It is right Laxmi. We dont have SolrIndexerJob command :)
you can use SolrIndexerJob with nutch shell script. May be you can use
Like this:
bin/nutch solrindex <solr url> -all -crawlId <crawl id>
Talat
28-10-2013 17:46 tarihinde, A Laxmi yazdı:
It says SolrIndexerJob: command not found
when I followed this syntax
SolrIndexerJob <solr url> (<batchId> | -all | -reindex) [-crawlId <id>]
On Mon, Oct 28, 2013 at 11:29 AM, feng lu <[email protected]> wrote:
Hi Laxmi
I check at code in bin/crawl script
echo "Indexing $CRAWL_ID on SOLR index -> $SOLRURL"
$bin/nutch solrindex $commonOptions $SOLRURL -all -crawlId $CRAWL_ID
if what you say is correct, then that script will also ignore the bachID
and crawlID.
you can try a small test db and run bin/nutch script step by step.
On Mon, Oct 28, 2013 at 10:57 PM, A Laxmi <[email protected]> wrote:
Hi feng -
I tried but its ignoring the batch ID and crawlID for some reason.
On Mon, Oct 28, 2013 at 10:00 AM, feng lu <[email protected]> wrote:
Hi
please check the usage of solrindex command
$ bin/nutch solrindex
Usage: SolrIndexerJob <solr url> (<batchId> | -all | -reindex)
[-crawlId
<id>]
On Mon, Oct 28, 2013 at 9:10 PM, A Laxmi <[email protected]>
wrote:
Hi,
For Nutch 2.2.1, I am aware of two crawl commands/scripts that came
out
of
the box with nutch -
(1) bin/nutch (step by step),
(2) bin/crawl (all in one)
I know how to specify a crawl ID for `bin/crawl` command. Similarly,
how
to
specify a crawl ID for `bin/nutch` command?

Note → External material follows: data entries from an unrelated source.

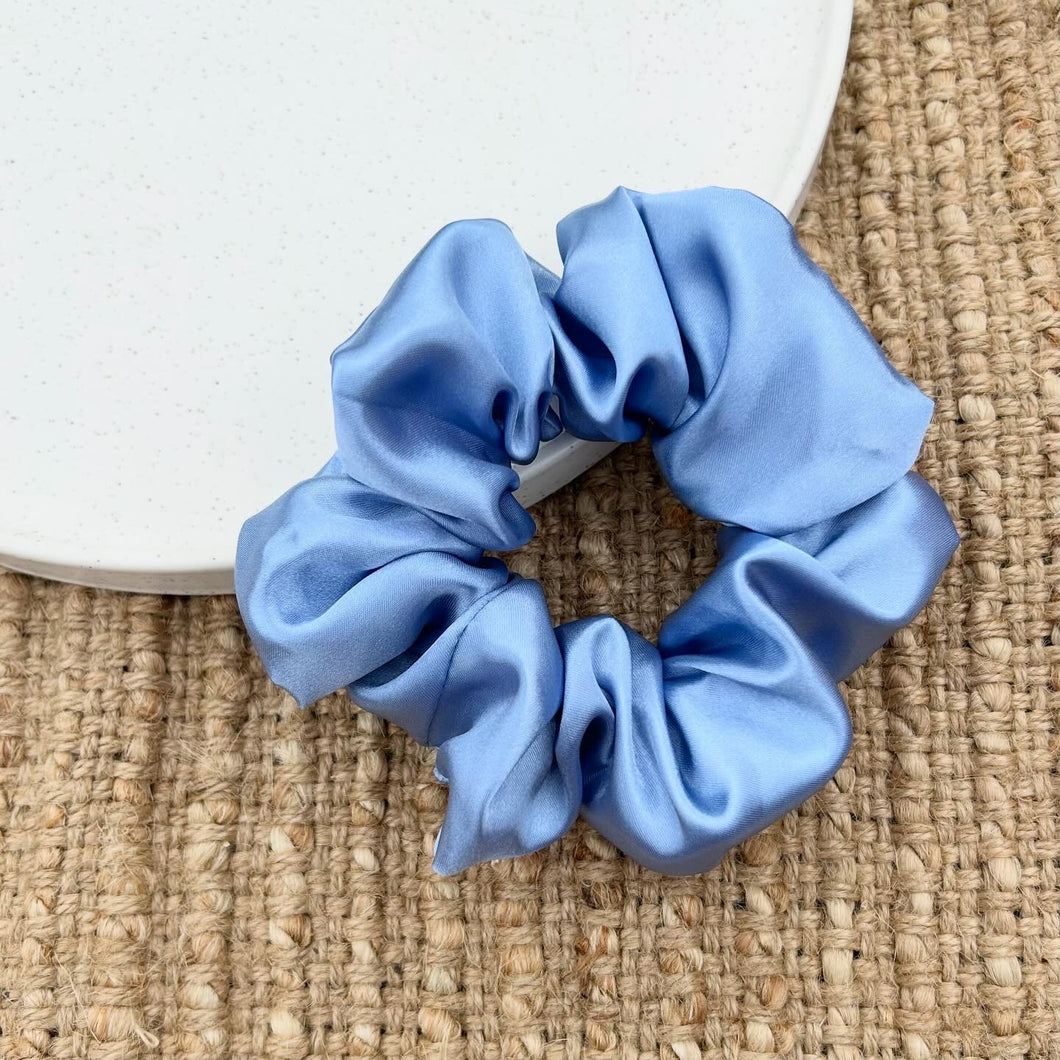 Powder Blue Satin Scrunchie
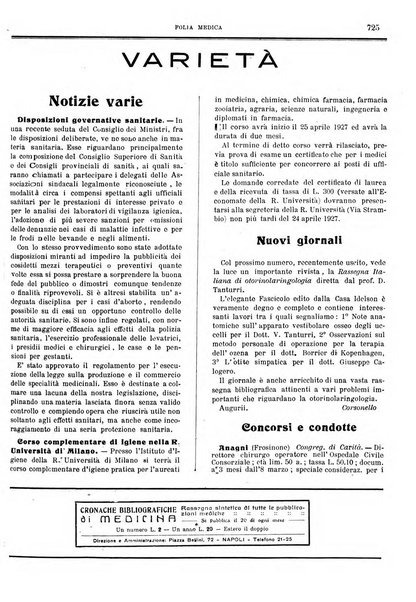 Folia medica periodico trimensile di patologia e clinica medica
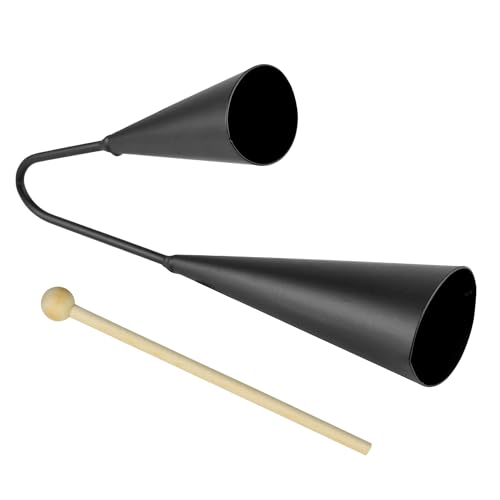 A-Star Dos Tonos Doble Metal Samba Agogo Campanas con Batidor de Madera
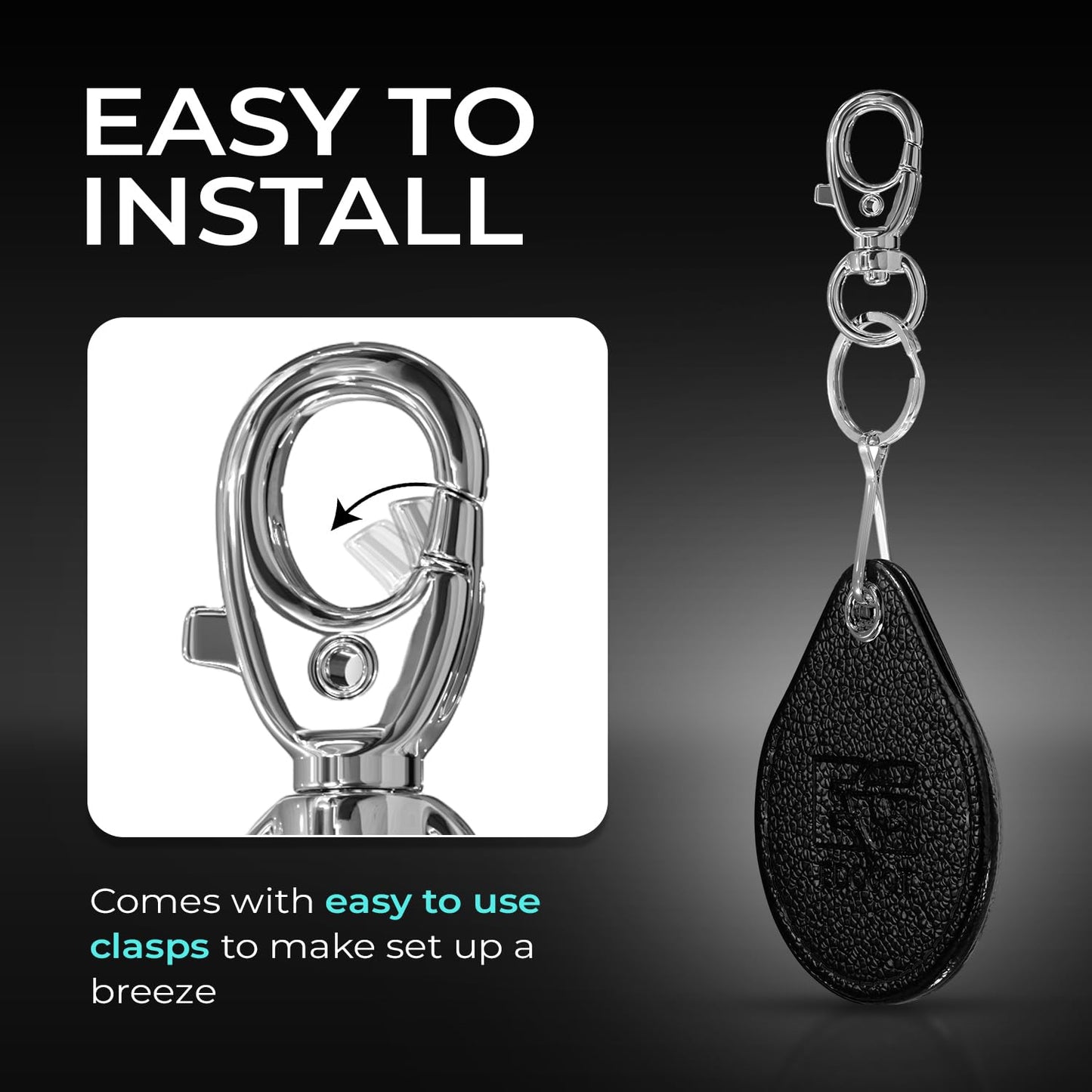 EDO GOT Genuine Leather Proxi RFID Key Fob and GPS Tag Holder Black 2 pack, Black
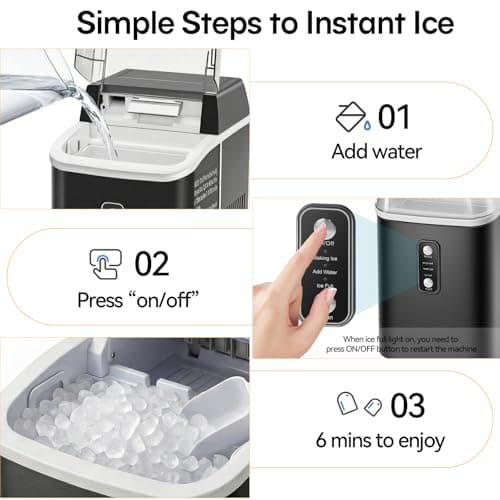 KMFurnila Nugget Ice Maker Countertop, Portable Ice Makers Machine with Removable Basket and Scoop, Self-Cleaning, Quiet, 6-Min Ready, 24lbs in 24Hrs, Visible, for Home, Party, RV, Camping, Black — view 4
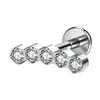 Piercing G23 liga de titânio full-body 5 brincos de zircônia marquise, pino de cartilagem de titânio, rosca interna 0.9, base reta, haste de 8mm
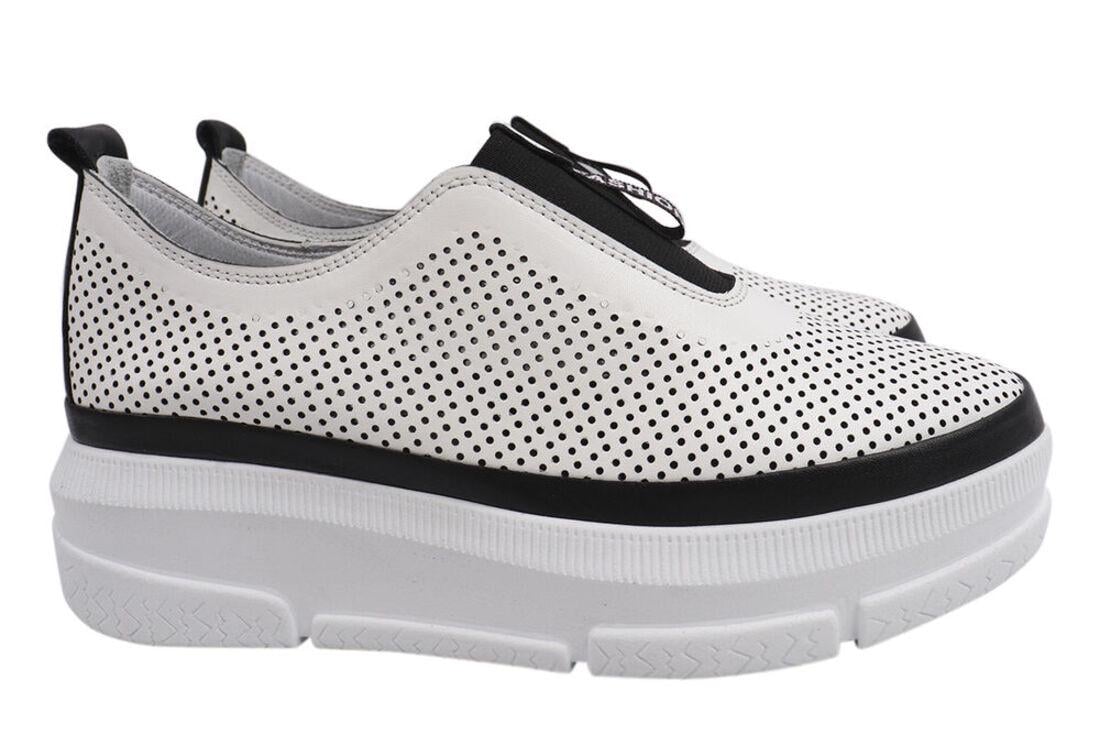 Кеды женские Guero из кожи на низком ходу р. 38 Белый (406-21LTCP)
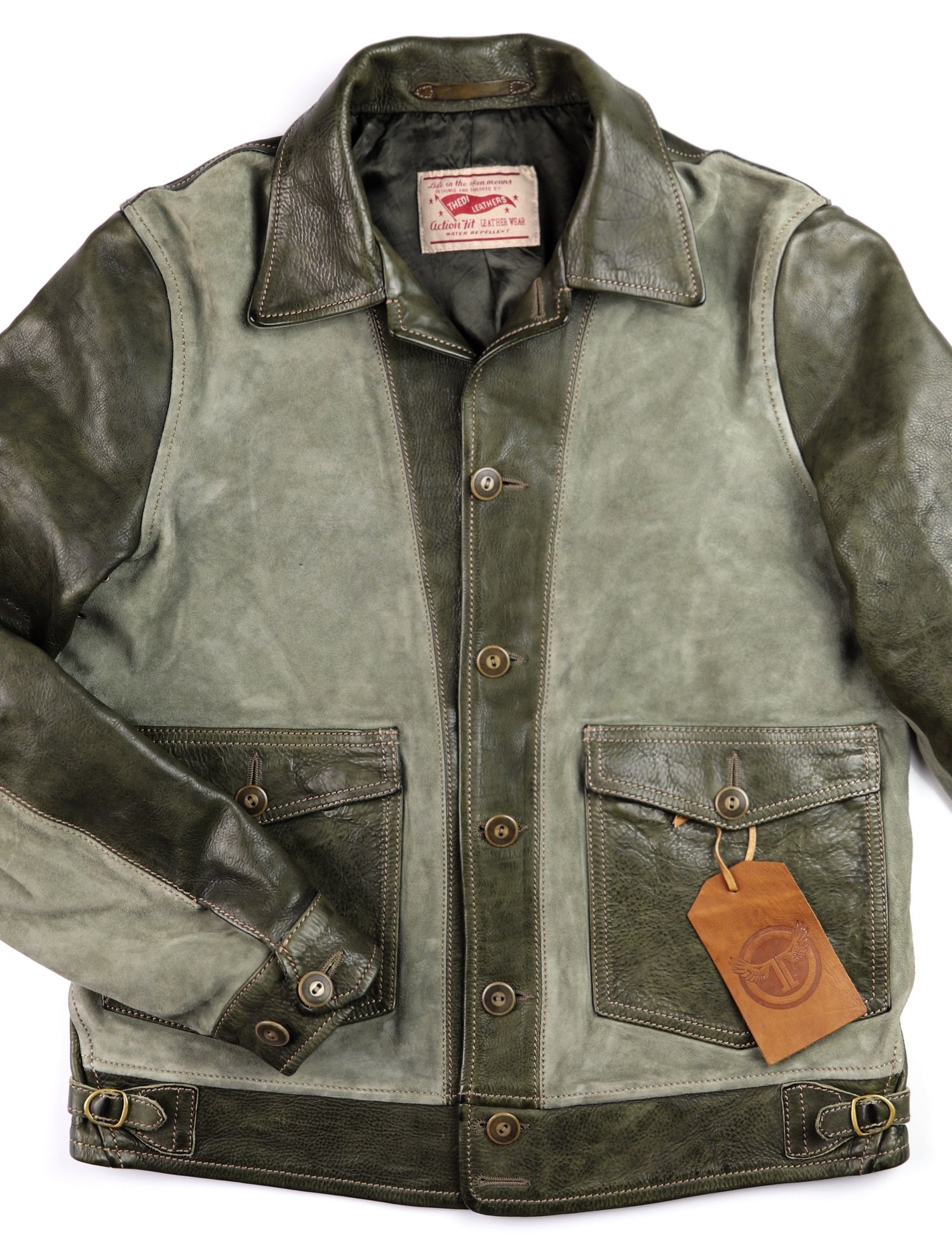 Thedi Niko Button-Up Jacket, size Medium, Green Goat Suede and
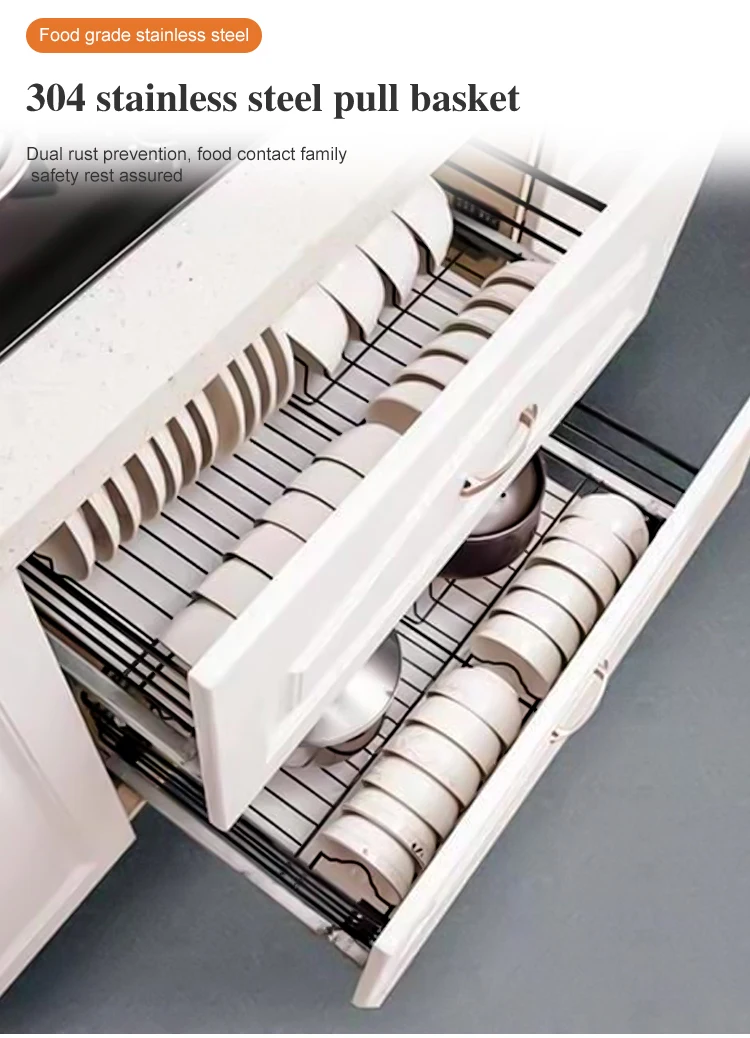 Modern Stainless Steel Pull-Out Drawer Basket For Kitchen Cabinets Iron Material In-Cabinet Storage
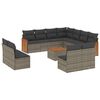 vidaXL Set de sof&aacute;s de jard&iacute;n 12 pzas con cojines rat&aacute;n sint&eacute;tico gris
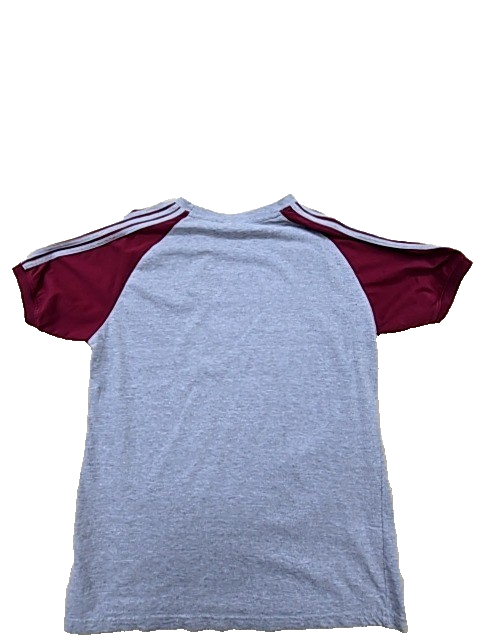Adidas Grey Raglan Cotton T-Shirt L Short Sleeve Stripes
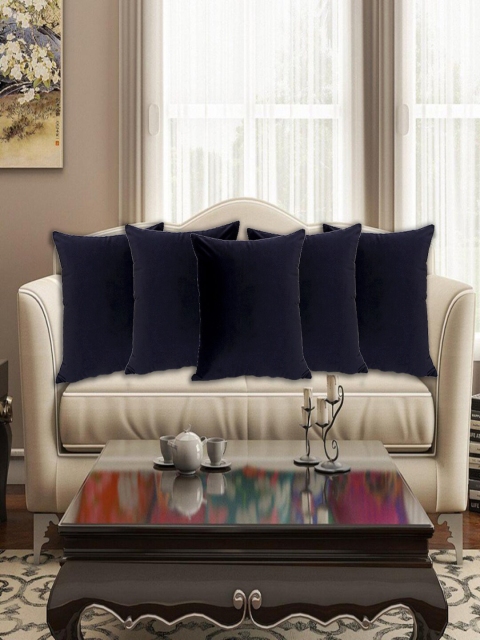 

INDHOME LIFE Black Set of 5 Velvet Square Cushion Covers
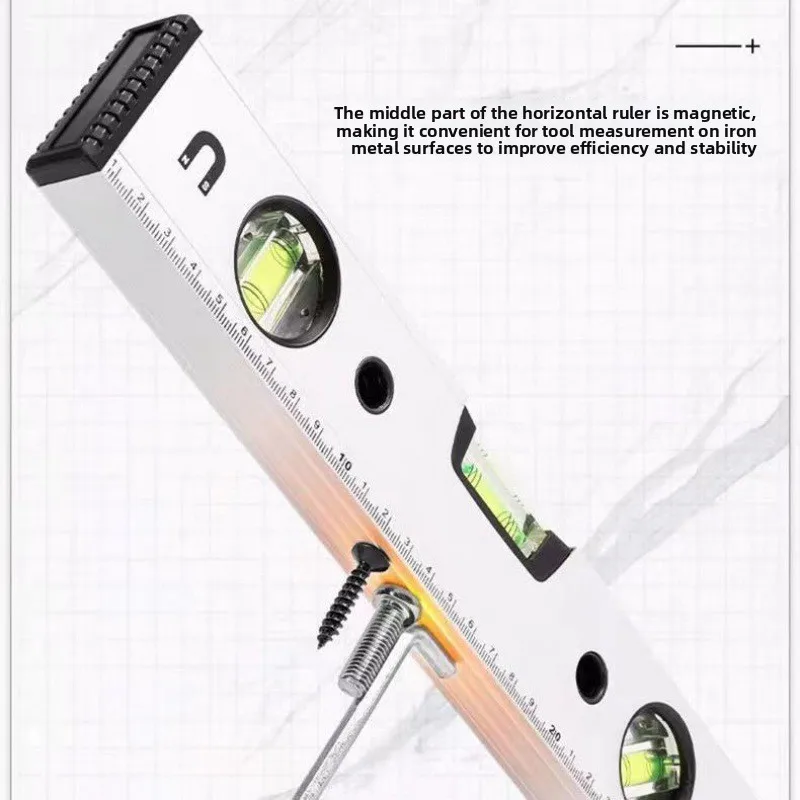 Магнитный торпедный уровень Duty, алюминиевый 3-флаконный противоударный пузырьковый уровень высокой видимости, инструмент для строительства, обработки металла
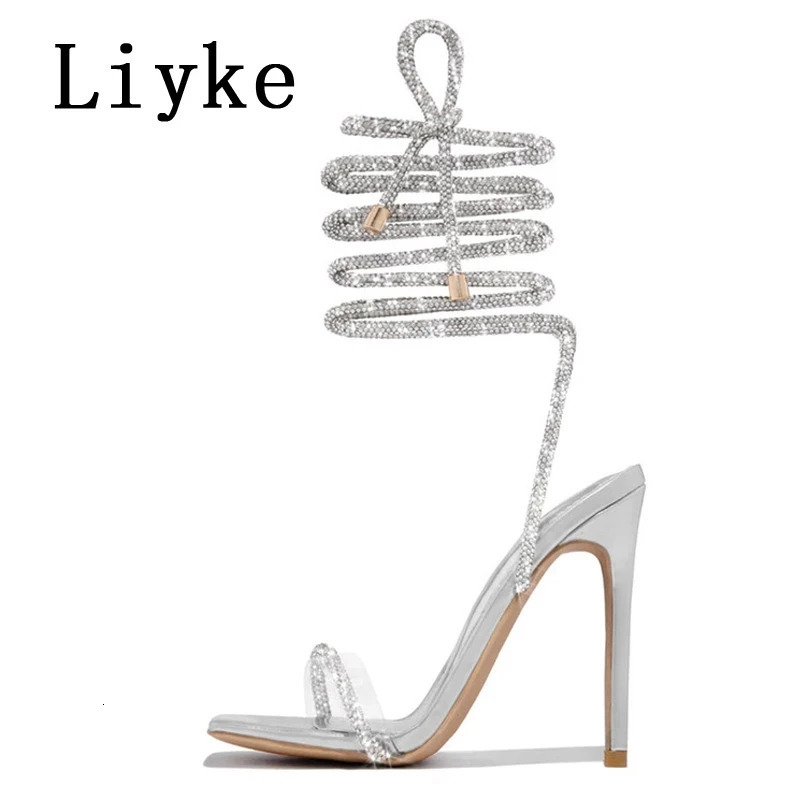 Liyke Fashion Glitter Rhinestones Women Sandals Crystal Ankle Strap High Heels Party Prom Shoes Lady Wedding Stiletto Sandalias 250224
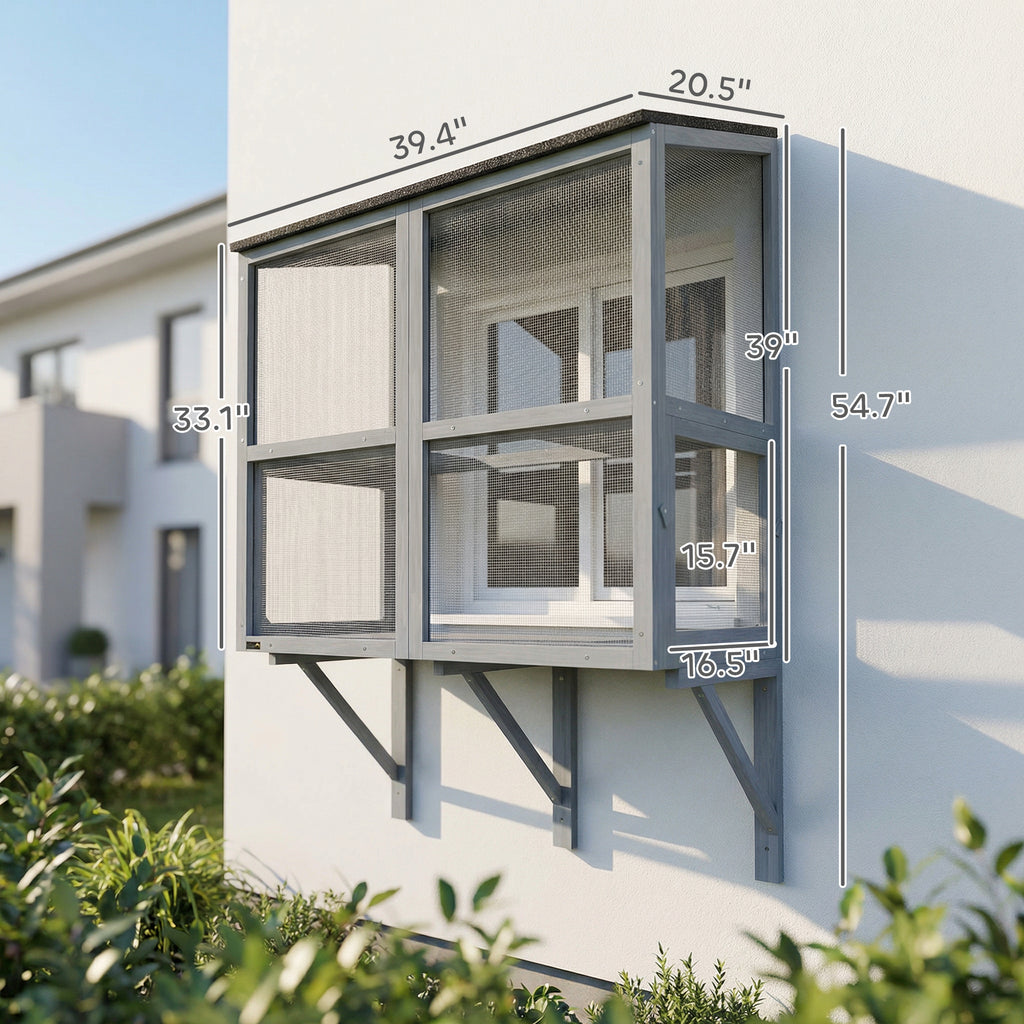 Catio Outdoor Cat Enclosure Outdoor Window Box Cat House with Waterproof Roof 39.4"L Gray TryTrendly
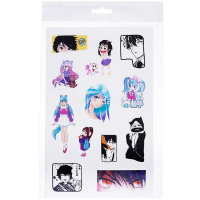Наклейки "Аниме" А5 15х23,5см 4 листа в пакете с европодвесом 4Н5н/084829 от магазина "Карандаш"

The reason I am asking is, I ran a large crawl job using `all-in-one
crawl
command "bin/crawl"` specifying a crawl ID, it broke while indexing
in
Solr
for 9th crawl iteration. Now, I just want to run one step `"bin/nutch
solrindex"` command for just that interrupted 9th iteration to
complete
the
solr indexing. How should I specify crawlID in "`bin/nutch
solrindex`"
command? What is the syntax?
I have all the crawl data stored in a HBase table "webpage_test"
--
Don't Grow Old, Grow Up... :-)
--
Don't Grow Old, Grow Up... :-)